Heavenly Bodies: Fashion and the Catholic Imagination (The Metropolitan Museum of Art)
Heavenly Bodies: Fashion and the Catholic Imagination, the Metropolitan Museum of Art’s latest blockbuster, is dazzling. Organised by Andrew Bolton, the curator in charge of the museum’s Costume Institute, the exhibition brings together contemporary fashion designs with the imagery of the Roman Catholic Church by which they were inspired. The featured outfits are presented on mannequins interspersed among the permanent artworks of the museum’s Byzantine and medieval art galleries, the Robert Lehman Wing, and The Met Cloisters, its branch in uptown Manhattan. Also included, something of a curatorial feat, are around forty vestments from the Sistine Chapel sacristy, which are on separate display in the Anna Wintour Costume Center. By way of this organising principle, the exhibition enacts a fashion-inflected storytelling pilgrimage.
Beginning in the Byzantine art galleries, five evening dresses from 2013–14 by Dolce & Gabbana, and five by Gianni Versace from 1997–98, are held aloft on pedestals in two separate hallways that display mosaics and other artefacts from the Byzantine world. The dresses’ glittering materials recall the tesserae of these ancient mosaics and both design houses drew inspiration directly from Byzantine religious sites, in Sicily and Ravenna respectively. While it feels somewhat incongruous to encounter these dazzling, high fashion garments in such a setting, their beauty, like the objects that surround them, is ravishing. This apparent inappropriateness aids the exhibition’s delight, drawing attention to the centuries-old artworks as much as to the recent fashions.

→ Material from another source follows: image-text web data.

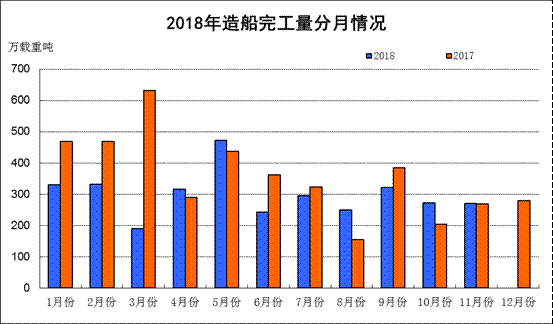 2018年1~11月船舶工业经济运行情况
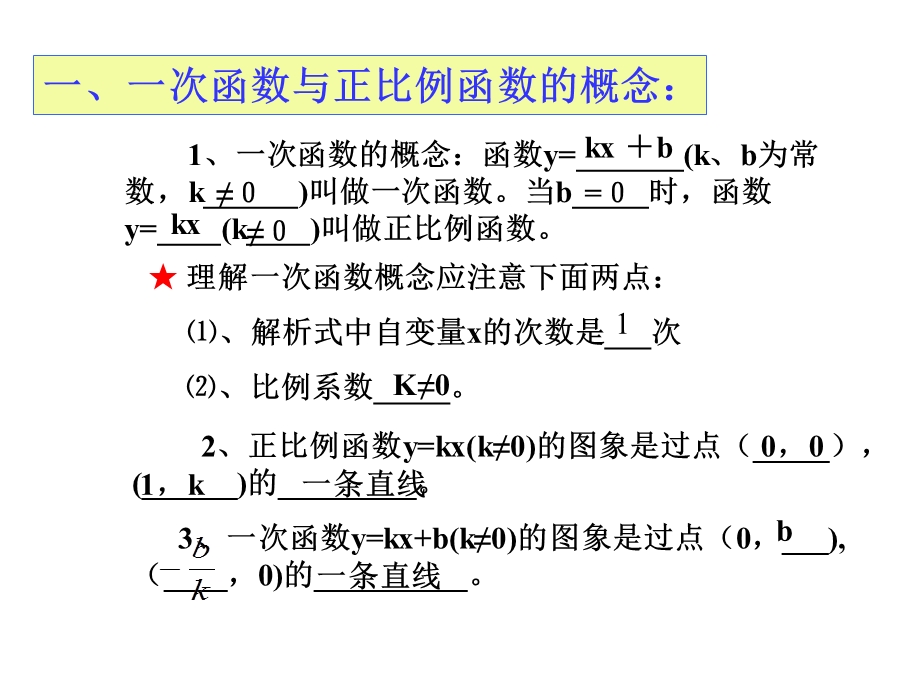 人教版八年级下册数学《一次函数》复习课课件.ppt_第2页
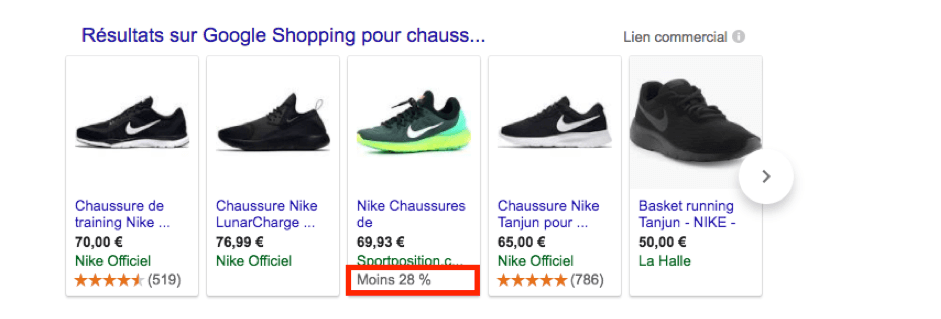 Les 6 points clés d'une campagne Google Shopping lucrative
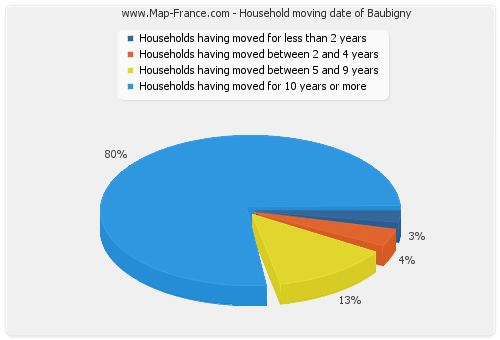 Household moving date of Baubigny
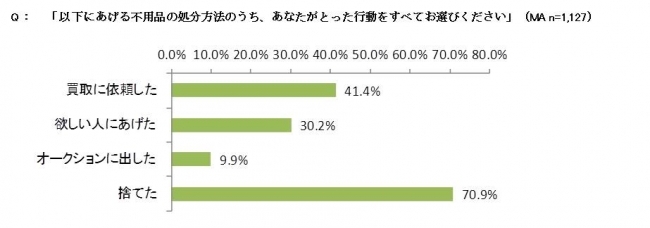 「引越しに関する不用品の処分に関して」意識・実態調査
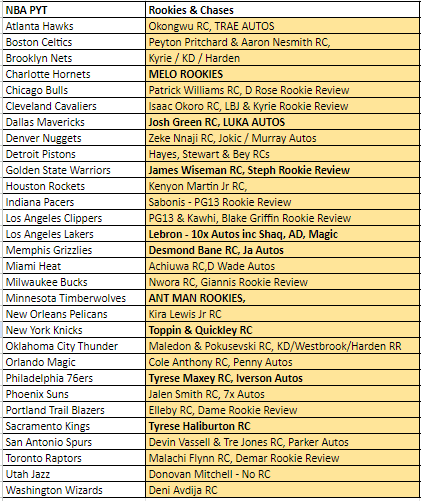Break 1087 - NBA 20/21 Recon Hobby 3 Box - Pick Your Team! - Image 2
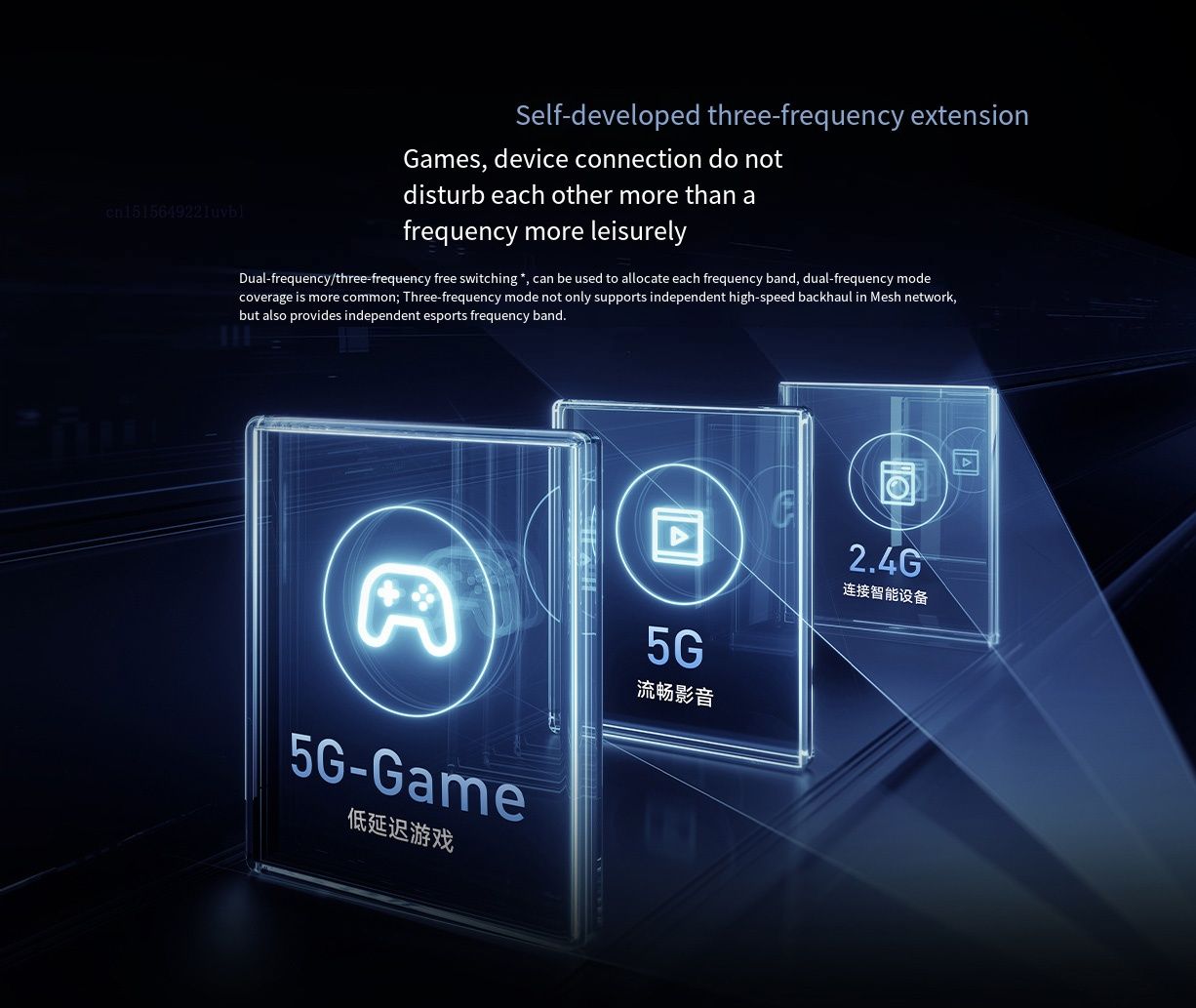Геймърски трибандов Рутер Xiaomi BE7000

These runway-type displays give an indication of some of the juxtapositions that follow, but Heavenly Bodies as theatrical spectacle reaches its apex in the Medieval Sculpture Hall. In a space dedicated to the display of religious tapestries and statues of the saints and of the Virgin and Child, a haute couture fashion show, albeit one conflated with Roman Catholic ceremony, takes its place. The scenography here is breathtaking, with mannequins bathed in raking light while music by Michael Nyman adds to the dramatic, processional effect. Framed by a magnificent eighteenth-century choir screen, the clothing on display reflects that worn by different sectors of the Catholic Church here on earth, and by the angels and Virgin Mary of heaven as depicted in art.